We only get a fleeting glimpse of the creature early on, which builds up a sense of dread. Later, we get to see the carnivorous creatures in more detail – they are truly nasty looking; they have legs like an insect and a body and head that looks vaguely like something out of the Alien franchise; they are also blind but have a well-developed sense of hearing that allows them to hunt their prey.
A Quiet Place is the third feature directed by Krasinski (after Brief Interviews With Hideous Men and The Hollars) and is easily his most assured and polished effort to date. This is his first foray into the horror genre but he incorporates some well-placed jump scares. He handles the material with restraint, and deftly builds up the claustrophobic suspense and ratchets up the sense of impending dread. The visual effects that create the creature are excellent and seamlessly incorporated into the live action.
Written by Krasinski, working from a script by Bryan Woods and Scott Beck (The Bride Wore Blood, etc), the film explores the importance of communication in holding a family together, the nature of sacrifice, parental responsibility. With its story about a tight knit survivalist family trying to face up to some mysterious creature, the film also recalls the creepy It Comes At Night, which also featured a small cast and minimal CGI effects. There is little in the way of dialogue here, which somehow underscores the dangers of the situation. Krasinski instead relies heavily on visual storytelling and images to convey the sense of the narrative.

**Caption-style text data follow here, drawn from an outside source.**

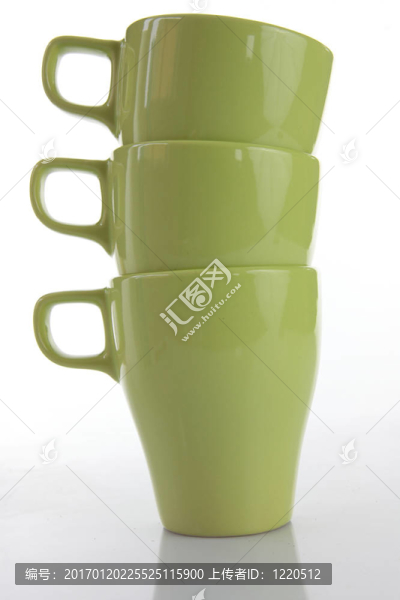 三個綠色的杯子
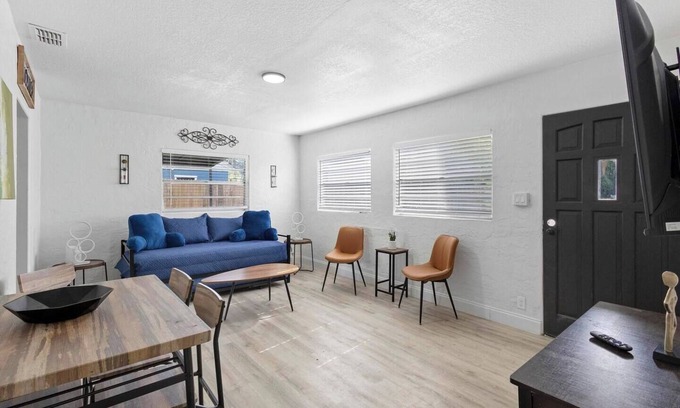 Orlando House | Orlando 2BR Escape | Patio + Comfort for 6 Guests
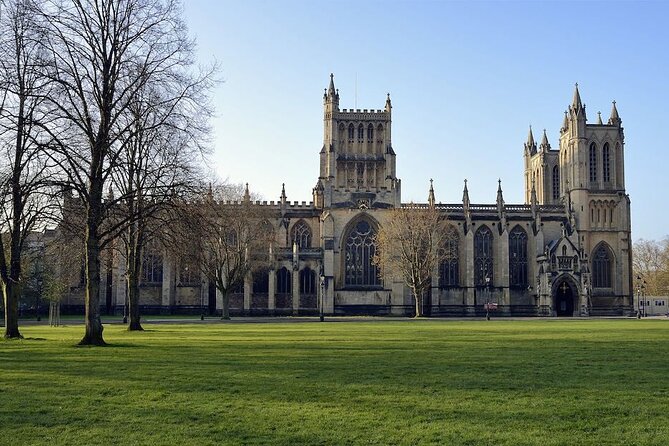Arrival Transfer: Bristol Airport BRS to Bristol by Luxury Van - Availability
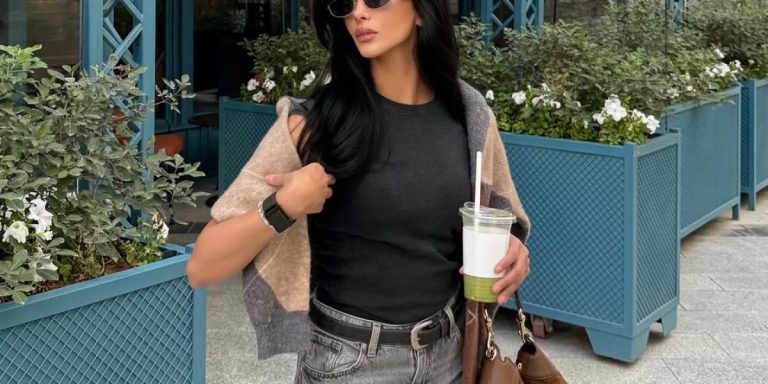 إطلالات مؤثرات الموضة تمنحك أفكار تنسيقات كاجوال وعصرية لنهاية الأسبوع ..بالصور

There is some effective sound design from Erik Audahl (Transformers: The Last Knight, etc), Brandon Jarvis (13 Hours, etc) and Michael Barosky (The Forgotten, etc) which creates plenty of tension. It’s somewhat ironic to see a film produced by Michael Bay that dials the sound down to minimal! Marco Beltrami’s sparse score is also effective in heightening that mood of uneasiness, and the moody cinematography from Danish cinematographer Charlotte Bruus Christensen also further enhances the unsettling tone and atmosphere.
Krasinski draws great performances from his small ensemble cast who have to convey emotions and ideas largely though facial expressions and gestures. This is a physical and emotionally demanding role for Blunt, and she brings emotional depth and a sense of real fear to her performance as Evelyn. This is a change of pace for Krasinski, better known for his comedic roles, but he is good as a man desperately trying to hold his family together. Simmonds’ soundless performance is perfect, and she brings a sense of guilt and a feisty quality to her role. But her authenticity is also the glue that holds the film together. And young Jupe continues to build on his impressive performances in Suburbicon and Wonder with another strong, nuanced performance that stamps him as an actor with a big future.
Leave your popcorn and other noisy distractions at the door for this one!